After enough “Sorry, I didn’t get that” moments, users stopped testing the boundaries. They developed workarounds. Set the timer by voice, then open Maps manually. Speak slowly. Use known-safe phrases. Always have a backup plan.
That caution calcified into habit. Even as the tech improved, the behavior stayed stuck.
Why Tech Isn’t the Bottleneck
The irony is: the technology is finally ready.
Latency is low. Voice models now carry tone, empathy, even hesitation. Tools like Vapi and LiveKit handle turn-taking, interruptions, and emotional flow. Orchestration has caught up.
But none of that fixes the core issue: we’re deploying this new tech into trust-damaged environments. Every bad experience—every bot that loops, every system that mangles your zip code—doesn’t just frustrate. It reinforces the belief that voice doesn’t work.
And the way we’re deploying it now? It’s making that belief stronger.

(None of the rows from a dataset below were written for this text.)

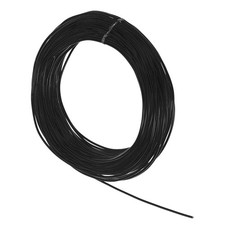 10 Gauge 2.5mm Aluminum Wire 100ft Bendable Metal Craft Armature Wire Black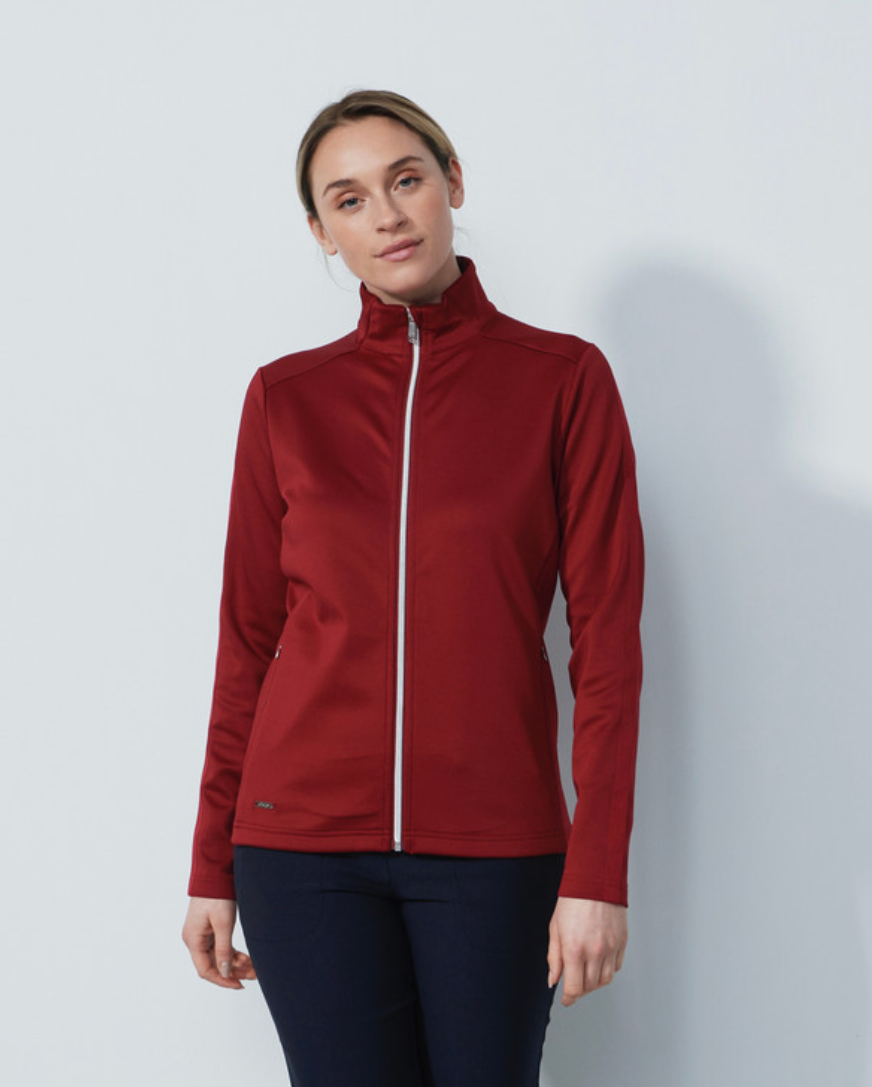 Daily Sports Belle Autumn Winter Cholet Full Zip Mid-layer Jacket (Multiple Colors)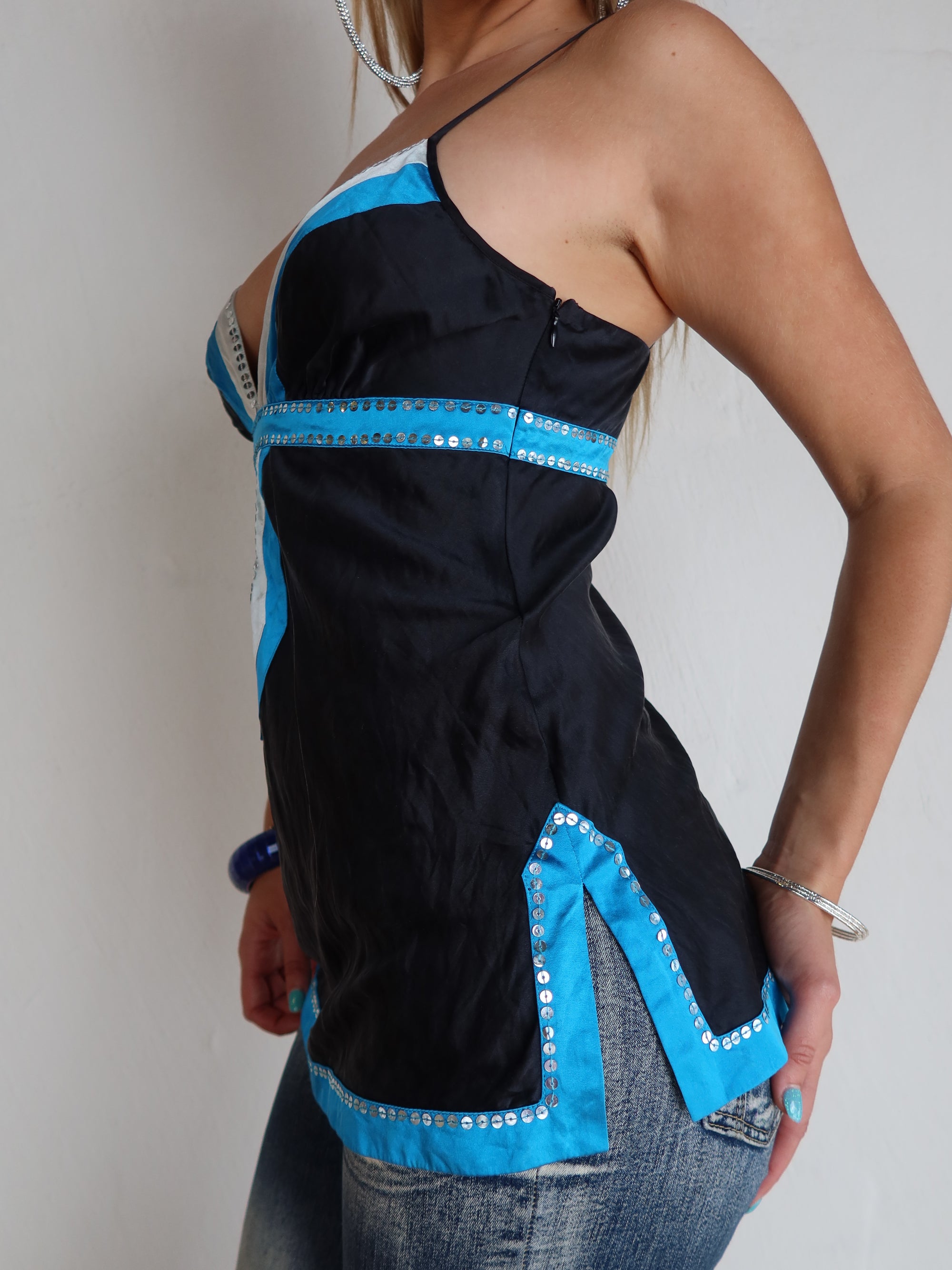 00's Bebe Party Top S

We build beautifully orchestrated systems with natural pacing and multi-step reasoning… and send them straight into customer support queues.
It’s understandable—contact centers are massive markets. But they’re also ground zero for past failure. The place where users learned to speak slowly, expect errors, and always have a backup plan.
If your first deployment is in the exact place people stopped trusting voice, you're not accelerating adoption. You're deepening the scar tissue.
Where Voice Actually Works
Over the past year, I’ve met with dozens of voice AI founders. The ones getting real traction all seem to have landed on the same insight: most users still don’t trust voice to think for them. So the smartest companies don’t try to change that. They just stay out of its way.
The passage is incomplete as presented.